The 20 journalists were accused of setting up a media network that used two suites in a luxury hotel in Cairo as a media center.
The statement said the defendants “manipulated pictures” to create “unreal scenes to give the impression to the outside world that there is a civil war that threatens to bring down the state” and broadcast scenes to aid “the terrorist group in achieving its goals and influencing the public opinion.”
An official from the high state security prosecution investigating the case said Fahmy, the acting bureau chief, was an alleged member of the Muslim Brotherhood, led the media operation that “fabricated footage” and broadcast it with the “aim of harming Egypt’s reputation.” The official said equipment confiscated included editing equipment, microphones, cameras, computers, Internet broadcasting equipment and money.
The official said national security agents also seized documents, and handwritten notes including “students on strike during exams,” and “the most important trials of December.” Student supporters of Morsi were on strike and held protests that frequently turned violent for most of December.
The official spoke on condition of anonymity because he was not authorized to speak to the media.
Fahmy’s brother, Adel, said the referral to trial was a “shock.”
“This is a cooked case and they are trying to make it bigger than what it is,” Adel Fahmy said.
Fahmy denied his brother was a Brotherhood member, saying the family had to produce evidence to the prosecutors showing he was not paid by the group, and he did not adhere to the lifestyle of a conservative Muslim as Brotherhood members do.

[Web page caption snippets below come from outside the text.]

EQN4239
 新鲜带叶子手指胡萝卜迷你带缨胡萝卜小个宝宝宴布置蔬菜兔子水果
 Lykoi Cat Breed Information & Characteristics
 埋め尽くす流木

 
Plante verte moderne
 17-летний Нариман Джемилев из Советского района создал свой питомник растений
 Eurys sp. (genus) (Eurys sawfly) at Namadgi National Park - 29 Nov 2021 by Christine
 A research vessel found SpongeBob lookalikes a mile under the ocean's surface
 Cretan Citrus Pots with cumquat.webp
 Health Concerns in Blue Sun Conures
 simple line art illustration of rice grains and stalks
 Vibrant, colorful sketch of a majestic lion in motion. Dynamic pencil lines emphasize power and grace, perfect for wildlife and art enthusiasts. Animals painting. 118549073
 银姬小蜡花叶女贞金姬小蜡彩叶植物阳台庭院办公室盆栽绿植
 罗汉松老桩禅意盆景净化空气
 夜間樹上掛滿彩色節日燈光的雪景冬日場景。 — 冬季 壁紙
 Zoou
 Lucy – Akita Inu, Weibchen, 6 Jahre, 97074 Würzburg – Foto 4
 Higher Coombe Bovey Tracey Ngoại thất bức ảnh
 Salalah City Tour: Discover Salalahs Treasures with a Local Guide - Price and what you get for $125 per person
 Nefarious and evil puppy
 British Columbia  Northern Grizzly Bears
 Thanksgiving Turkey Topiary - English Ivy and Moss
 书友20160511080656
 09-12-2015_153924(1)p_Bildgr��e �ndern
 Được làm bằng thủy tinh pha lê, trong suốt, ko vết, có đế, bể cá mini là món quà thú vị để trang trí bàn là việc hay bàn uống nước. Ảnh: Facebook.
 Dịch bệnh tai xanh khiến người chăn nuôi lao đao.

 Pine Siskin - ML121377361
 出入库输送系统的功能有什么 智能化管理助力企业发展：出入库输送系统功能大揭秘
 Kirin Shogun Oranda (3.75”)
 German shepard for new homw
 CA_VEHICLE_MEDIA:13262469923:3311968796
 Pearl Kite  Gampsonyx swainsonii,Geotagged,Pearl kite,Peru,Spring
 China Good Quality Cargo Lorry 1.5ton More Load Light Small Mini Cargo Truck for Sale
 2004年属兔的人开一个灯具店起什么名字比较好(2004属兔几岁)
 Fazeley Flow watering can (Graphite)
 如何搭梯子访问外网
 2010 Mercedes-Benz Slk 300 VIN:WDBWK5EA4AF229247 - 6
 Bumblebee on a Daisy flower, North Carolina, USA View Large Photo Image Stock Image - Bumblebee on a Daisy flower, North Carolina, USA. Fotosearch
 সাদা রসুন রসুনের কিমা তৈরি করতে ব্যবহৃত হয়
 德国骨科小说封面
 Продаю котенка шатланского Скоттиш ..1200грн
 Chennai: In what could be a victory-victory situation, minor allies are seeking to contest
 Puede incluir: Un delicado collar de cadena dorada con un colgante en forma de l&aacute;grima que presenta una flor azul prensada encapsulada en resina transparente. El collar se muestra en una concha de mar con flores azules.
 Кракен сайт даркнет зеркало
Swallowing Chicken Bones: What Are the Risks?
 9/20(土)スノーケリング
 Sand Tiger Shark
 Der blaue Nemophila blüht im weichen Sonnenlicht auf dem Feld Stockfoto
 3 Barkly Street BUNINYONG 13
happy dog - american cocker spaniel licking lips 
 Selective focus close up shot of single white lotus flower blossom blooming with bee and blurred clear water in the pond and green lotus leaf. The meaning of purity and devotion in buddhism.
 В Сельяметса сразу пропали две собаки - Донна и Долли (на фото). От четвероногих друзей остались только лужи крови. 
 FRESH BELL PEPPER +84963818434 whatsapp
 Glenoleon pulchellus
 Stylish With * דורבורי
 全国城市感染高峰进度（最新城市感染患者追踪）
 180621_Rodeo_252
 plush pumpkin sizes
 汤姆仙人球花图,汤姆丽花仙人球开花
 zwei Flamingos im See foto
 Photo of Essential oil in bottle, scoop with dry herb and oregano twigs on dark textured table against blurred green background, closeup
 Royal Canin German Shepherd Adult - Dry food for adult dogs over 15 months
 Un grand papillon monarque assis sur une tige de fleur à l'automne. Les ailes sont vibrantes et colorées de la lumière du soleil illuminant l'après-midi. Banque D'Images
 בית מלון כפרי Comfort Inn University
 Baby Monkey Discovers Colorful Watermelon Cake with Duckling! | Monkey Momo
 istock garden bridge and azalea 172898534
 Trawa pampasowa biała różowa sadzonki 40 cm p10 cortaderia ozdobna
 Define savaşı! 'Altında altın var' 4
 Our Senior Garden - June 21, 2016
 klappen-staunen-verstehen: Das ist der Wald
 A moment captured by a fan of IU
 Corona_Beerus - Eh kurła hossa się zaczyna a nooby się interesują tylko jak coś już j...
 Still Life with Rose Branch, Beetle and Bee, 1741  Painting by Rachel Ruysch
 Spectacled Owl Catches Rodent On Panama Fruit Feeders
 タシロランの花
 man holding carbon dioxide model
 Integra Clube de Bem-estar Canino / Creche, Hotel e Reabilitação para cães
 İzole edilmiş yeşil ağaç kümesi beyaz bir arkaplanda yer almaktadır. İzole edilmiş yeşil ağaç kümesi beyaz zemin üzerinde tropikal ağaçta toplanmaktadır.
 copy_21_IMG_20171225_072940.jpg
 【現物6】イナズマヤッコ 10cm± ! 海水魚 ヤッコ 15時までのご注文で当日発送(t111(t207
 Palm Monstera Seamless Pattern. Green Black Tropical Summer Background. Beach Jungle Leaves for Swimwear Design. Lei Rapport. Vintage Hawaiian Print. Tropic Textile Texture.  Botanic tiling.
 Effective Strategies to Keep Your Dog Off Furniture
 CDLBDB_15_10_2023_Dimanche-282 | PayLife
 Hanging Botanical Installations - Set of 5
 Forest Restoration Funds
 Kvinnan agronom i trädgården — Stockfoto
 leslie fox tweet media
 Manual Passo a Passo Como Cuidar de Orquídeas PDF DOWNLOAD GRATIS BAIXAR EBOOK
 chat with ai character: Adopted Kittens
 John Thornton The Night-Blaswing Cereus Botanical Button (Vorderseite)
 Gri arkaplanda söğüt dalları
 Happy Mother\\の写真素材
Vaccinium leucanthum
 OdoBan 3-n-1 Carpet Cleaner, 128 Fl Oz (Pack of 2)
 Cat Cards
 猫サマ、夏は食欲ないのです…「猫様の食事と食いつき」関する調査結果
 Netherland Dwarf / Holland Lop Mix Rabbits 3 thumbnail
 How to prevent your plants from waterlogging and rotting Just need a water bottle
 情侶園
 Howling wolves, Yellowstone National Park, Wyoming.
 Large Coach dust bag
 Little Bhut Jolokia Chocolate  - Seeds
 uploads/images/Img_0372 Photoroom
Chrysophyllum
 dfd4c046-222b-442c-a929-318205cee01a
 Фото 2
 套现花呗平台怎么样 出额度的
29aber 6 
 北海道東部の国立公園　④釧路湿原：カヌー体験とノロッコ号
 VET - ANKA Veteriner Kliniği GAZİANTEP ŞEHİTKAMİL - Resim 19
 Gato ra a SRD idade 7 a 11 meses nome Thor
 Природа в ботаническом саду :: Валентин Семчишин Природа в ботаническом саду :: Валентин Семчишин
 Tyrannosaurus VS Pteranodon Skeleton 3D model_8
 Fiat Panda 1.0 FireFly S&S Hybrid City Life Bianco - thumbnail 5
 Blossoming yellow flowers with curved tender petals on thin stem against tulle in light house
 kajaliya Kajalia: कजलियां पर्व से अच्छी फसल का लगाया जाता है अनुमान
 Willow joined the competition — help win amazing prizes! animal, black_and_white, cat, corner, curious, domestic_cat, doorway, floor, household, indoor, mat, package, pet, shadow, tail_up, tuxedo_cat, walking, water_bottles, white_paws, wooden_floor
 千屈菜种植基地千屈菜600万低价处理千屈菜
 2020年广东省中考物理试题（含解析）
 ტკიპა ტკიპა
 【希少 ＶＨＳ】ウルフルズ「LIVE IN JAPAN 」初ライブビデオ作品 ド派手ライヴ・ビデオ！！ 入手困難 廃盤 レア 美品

He said his brother has been kept in detention with Islamists in one of the country’s high security prisons “to complete the spectacle.”
The prosecutors’ statement said eight defendants were in custody. Presumably they include the three journalists arrested in December. Two Al-Jazeera reporters were arrested in August while covering a police crackdown on pro-Morsi protesters in Cairo that killed hundreds. It was not known if they are among the defendants in the case.
In previous crackdowns, a court order had already barred Al-Jazeera local affiliate from broadcasting in Egypt since September, accusing it of endangering national security. The affiliate, Al-Jazeera Mubasher Egypt, has continued to broadcast using its studios in Doha, Qatar, collaborating with freelancers and using amateur videos.
Human rights activists denounced the charges.
“This is an insult to the law,” Gamal Eid, the head of the Arab Network for Human Rights Information said. He said there is no evidence in the case and pointed out that the charges come after this month’s passage of a new constitution that authorities touted as “the charter of freedoms,” for its articles guaranteeing a range of rights. “Working in Al-Jazeera doesn’t mean membership in the Brotherhood.”
Hundreds of the Brotherhood’s leaders are now in detention or on trial, mostly on violence-related charges. Morsi himself is on trial.
Eid said that under autocrat Hosni Mubarak’s nearly 30-year rule, there were instances of journalists detained on allegations of terror links. But he said he knows of no instance in which they were actually referred to trial. He said it is also the first time Western journalists are accused on such charges.
Eid said he doesn’t believe the case was part of a planned crackdown, but that among the various agencies of the state, each “is practicing its repression its own way ... We have repressive republics operating in one nation.”
Foreign Ministry spokesman Badr Abdelattie said concerns about press freedoms have been “exaggerated.” He said the reporters were operating without permits, and technical reports showed that they had fabricated footage — including video that took place in different times or places made to look current.
“Anyway, these are pure accusations. There is due process in this country,” he said. “It is now in the hands of the judiciary.”